No obstante, asegura
que lo más importante de su vida diaria es celebrar la santa misa y orar: «Yo
celebro misa todos los días, siempre. Lo fundamental es que he procurado tener mucha oración. Tengo
oraciones para mantenerme sereno, y Dios me ha regalado una vida muy contemplativa. Estoy todo el día
hablándole al Señor».
El sacerdote asegura
que, cuando eleva su mirada al cielo, le pide a Dios: «Dame Señor tu luz:
dásela a este barrio, a estas niñas y niños, a todos los que la necesitan.
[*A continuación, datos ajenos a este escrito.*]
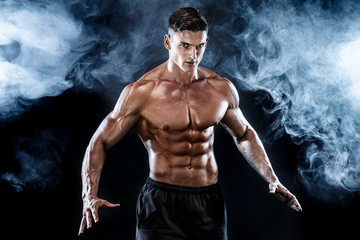 Strong bodybuilder man with perfect abs, shoulders,biceps, triceps, chest.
Concédeles el fuego del Espíritu Santo,
porque eso es lo que nos enciende y nos da vida». Y añade firmemente: «Todo lo
demás es pasajero, algo externo».
San
Josemaría Escrivá le invitó al sacerdocio
El P. Giner considera
Ecuador su hogar espiritual. «A veces viajo, pero mi
vida está aquí, en Guayaquil. He trabajado en colegios, siempre en contacto
con jóvenes. Esa ha sido una parte maravillosa de mi vida, porque estar con
gente joven te da una fuerza especial».
Su vocación nació en la
adolescencia, cuando conoció el Opus Dei.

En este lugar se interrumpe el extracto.